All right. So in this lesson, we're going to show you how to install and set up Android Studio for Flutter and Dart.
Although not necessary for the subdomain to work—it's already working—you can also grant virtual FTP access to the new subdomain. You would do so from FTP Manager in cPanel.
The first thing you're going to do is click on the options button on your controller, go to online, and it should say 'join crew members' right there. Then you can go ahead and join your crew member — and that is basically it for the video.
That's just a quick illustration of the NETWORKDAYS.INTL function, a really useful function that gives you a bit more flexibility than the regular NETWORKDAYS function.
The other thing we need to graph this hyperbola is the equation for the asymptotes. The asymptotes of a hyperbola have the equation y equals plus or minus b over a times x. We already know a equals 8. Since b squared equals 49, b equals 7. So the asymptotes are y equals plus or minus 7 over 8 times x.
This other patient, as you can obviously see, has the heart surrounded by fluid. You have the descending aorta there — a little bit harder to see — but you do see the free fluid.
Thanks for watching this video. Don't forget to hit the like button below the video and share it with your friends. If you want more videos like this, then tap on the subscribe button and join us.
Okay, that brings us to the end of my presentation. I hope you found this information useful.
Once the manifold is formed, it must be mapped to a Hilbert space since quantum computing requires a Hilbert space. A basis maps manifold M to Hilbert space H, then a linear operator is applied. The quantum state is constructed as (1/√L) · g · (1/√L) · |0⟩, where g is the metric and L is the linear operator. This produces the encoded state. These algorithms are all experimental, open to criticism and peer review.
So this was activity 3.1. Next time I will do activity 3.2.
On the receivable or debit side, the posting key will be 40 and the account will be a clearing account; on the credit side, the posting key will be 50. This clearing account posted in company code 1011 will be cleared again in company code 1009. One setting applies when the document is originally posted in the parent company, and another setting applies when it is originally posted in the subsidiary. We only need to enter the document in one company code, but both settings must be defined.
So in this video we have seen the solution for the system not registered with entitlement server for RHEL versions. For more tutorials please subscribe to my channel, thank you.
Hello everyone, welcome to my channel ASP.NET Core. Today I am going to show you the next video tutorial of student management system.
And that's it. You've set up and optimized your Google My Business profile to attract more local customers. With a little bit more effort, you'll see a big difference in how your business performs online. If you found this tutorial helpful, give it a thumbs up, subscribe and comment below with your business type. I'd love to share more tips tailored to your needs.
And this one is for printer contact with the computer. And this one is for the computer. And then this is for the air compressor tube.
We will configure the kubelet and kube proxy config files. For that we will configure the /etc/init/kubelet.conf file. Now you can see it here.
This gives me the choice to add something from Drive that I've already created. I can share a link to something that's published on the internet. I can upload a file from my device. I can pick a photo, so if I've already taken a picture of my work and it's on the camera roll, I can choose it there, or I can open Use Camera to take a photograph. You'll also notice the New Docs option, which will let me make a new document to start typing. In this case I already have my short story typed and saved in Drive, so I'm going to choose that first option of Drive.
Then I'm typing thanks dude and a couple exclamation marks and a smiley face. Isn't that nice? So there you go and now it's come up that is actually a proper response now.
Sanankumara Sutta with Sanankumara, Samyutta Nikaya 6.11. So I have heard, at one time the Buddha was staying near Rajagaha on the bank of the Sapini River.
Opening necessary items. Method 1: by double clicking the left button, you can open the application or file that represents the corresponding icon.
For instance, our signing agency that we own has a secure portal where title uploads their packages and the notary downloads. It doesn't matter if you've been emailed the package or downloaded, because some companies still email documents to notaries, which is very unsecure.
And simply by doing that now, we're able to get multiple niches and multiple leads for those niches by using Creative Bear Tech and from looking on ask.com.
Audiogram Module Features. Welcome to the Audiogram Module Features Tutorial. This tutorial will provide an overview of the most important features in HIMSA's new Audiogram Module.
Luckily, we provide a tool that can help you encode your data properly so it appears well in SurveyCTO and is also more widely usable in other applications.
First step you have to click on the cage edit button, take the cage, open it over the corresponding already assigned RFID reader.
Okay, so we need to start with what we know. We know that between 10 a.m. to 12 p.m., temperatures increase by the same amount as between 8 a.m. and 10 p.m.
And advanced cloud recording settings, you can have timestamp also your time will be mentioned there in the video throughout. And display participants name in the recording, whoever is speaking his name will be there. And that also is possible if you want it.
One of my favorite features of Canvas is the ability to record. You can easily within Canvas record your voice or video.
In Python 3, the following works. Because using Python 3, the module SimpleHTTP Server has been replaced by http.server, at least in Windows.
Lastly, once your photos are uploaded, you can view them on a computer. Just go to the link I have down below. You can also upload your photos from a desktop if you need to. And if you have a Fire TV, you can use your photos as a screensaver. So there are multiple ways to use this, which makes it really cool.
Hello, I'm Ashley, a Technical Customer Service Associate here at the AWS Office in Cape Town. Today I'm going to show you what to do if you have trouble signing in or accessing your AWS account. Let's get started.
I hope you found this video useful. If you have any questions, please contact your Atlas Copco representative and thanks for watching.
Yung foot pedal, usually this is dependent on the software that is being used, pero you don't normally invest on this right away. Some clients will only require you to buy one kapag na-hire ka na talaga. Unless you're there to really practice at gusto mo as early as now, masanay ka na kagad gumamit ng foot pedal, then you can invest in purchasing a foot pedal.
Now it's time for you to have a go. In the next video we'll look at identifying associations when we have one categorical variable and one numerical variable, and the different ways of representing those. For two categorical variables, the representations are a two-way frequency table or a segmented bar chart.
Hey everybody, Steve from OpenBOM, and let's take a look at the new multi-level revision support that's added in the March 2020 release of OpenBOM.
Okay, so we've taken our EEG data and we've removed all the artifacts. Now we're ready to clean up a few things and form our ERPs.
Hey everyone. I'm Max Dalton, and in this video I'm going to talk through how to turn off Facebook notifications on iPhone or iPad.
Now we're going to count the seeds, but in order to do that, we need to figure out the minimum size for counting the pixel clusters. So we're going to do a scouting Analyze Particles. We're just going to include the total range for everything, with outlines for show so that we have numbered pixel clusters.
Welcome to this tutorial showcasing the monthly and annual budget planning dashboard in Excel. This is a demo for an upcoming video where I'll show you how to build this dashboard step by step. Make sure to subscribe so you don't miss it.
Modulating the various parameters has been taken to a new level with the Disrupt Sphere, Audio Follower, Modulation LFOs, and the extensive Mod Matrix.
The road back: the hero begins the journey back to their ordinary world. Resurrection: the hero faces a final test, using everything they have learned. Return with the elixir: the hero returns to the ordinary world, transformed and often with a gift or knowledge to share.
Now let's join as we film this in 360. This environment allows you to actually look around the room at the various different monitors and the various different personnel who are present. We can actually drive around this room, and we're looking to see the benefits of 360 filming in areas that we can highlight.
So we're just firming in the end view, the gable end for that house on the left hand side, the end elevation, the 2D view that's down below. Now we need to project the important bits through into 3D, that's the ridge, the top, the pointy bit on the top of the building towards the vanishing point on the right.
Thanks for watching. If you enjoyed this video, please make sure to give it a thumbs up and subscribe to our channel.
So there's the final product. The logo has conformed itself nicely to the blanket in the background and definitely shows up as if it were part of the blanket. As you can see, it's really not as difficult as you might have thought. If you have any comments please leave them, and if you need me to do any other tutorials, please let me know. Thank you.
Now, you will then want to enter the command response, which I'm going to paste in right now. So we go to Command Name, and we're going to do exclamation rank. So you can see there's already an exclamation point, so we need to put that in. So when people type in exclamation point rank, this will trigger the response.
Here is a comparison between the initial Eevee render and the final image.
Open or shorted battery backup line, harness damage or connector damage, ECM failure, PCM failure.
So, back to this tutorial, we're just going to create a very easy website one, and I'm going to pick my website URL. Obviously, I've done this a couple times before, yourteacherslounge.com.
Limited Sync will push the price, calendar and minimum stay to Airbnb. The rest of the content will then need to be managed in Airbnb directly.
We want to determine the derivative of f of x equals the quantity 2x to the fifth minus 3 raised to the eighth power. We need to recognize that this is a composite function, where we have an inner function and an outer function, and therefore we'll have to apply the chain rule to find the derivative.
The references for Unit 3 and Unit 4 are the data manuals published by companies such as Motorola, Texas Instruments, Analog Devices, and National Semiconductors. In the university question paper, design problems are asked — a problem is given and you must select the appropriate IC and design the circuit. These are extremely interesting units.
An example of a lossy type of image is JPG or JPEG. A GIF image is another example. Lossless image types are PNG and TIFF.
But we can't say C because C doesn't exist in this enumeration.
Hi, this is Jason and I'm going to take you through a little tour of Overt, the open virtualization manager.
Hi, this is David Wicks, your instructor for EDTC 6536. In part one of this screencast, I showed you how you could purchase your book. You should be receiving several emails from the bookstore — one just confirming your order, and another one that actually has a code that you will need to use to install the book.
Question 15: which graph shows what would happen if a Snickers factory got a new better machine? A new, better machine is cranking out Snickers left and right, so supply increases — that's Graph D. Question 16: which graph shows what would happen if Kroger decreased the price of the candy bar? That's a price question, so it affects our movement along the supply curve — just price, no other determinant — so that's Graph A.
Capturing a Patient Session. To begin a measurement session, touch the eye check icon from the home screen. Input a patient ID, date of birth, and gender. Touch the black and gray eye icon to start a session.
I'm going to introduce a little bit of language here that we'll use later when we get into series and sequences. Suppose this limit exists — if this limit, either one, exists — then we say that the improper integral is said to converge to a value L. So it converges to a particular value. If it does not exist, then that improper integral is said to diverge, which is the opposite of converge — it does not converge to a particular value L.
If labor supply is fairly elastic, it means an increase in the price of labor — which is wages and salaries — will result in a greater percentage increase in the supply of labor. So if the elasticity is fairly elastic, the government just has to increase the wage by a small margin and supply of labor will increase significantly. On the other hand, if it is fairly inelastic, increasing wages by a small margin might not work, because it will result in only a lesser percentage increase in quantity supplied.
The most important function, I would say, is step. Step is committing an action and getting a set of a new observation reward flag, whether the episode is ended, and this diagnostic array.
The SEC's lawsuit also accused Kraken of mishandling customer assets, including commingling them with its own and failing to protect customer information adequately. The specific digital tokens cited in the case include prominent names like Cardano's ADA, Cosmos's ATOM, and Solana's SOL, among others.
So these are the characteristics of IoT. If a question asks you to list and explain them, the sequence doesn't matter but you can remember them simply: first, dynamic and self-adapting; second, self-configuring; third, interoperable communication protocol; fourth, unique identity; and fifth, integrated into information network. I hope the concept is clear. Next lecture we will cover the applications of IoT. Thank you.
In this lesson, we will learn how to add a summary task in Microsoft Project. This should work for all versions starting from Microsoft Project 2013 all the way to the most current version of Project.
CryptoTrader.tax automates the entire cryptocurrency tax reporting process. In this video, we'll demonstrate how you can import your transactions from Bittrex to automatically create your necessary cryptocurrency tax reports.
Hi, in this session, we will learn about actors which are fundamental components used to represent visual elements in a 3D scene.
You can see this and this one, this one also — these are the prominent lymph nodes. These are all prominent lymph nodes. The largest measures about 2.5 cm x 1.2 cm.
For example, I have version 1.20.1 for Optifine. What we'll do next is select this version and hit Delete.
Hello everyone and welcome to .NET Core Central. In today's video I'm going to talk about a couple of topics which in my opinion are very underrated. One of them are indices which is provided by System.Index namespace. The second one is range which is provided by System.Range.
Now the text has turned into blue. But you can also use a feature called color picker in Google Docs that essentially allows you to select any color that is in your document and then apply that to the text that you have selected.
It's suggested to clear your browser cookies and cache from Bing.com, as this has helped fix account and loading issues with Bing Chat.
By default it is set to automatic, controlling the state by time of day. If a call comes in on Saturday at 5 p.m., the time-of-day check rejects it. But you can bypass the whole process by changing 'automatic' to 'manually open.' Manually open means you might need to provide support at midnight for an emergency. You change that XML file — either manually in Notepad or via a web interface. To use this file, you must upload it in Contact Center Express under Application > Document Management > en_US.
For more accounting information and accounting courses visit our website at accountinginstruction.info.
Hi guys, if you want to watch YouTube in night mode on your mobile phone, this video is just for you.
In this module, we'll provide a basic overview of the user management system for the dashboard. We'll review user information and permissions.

=====

• _REQUIREMENT_
Look through the entries. Copy out each line with "data" in it.

• _SOLUTION FOR THIS TASK_
Luckily, we provide a tool that can help you encode your data properly so it appears well in SurveyCTO and is also more widely usable in other applications.
Okay, so we've taken our EEG data and we've removed all the artifacts. Now we're ready to clean up a few things and form our ERPs.
The references for Unit 3 and Unit 4 are the data manuals published by companies such as Motorola, Texas Instruments, Analog Devices, and National Semiconductors. In the university question paper, design problems are asked — a problem is given and you must select the appropriate IC and design the circuit. These are extremely interesting units.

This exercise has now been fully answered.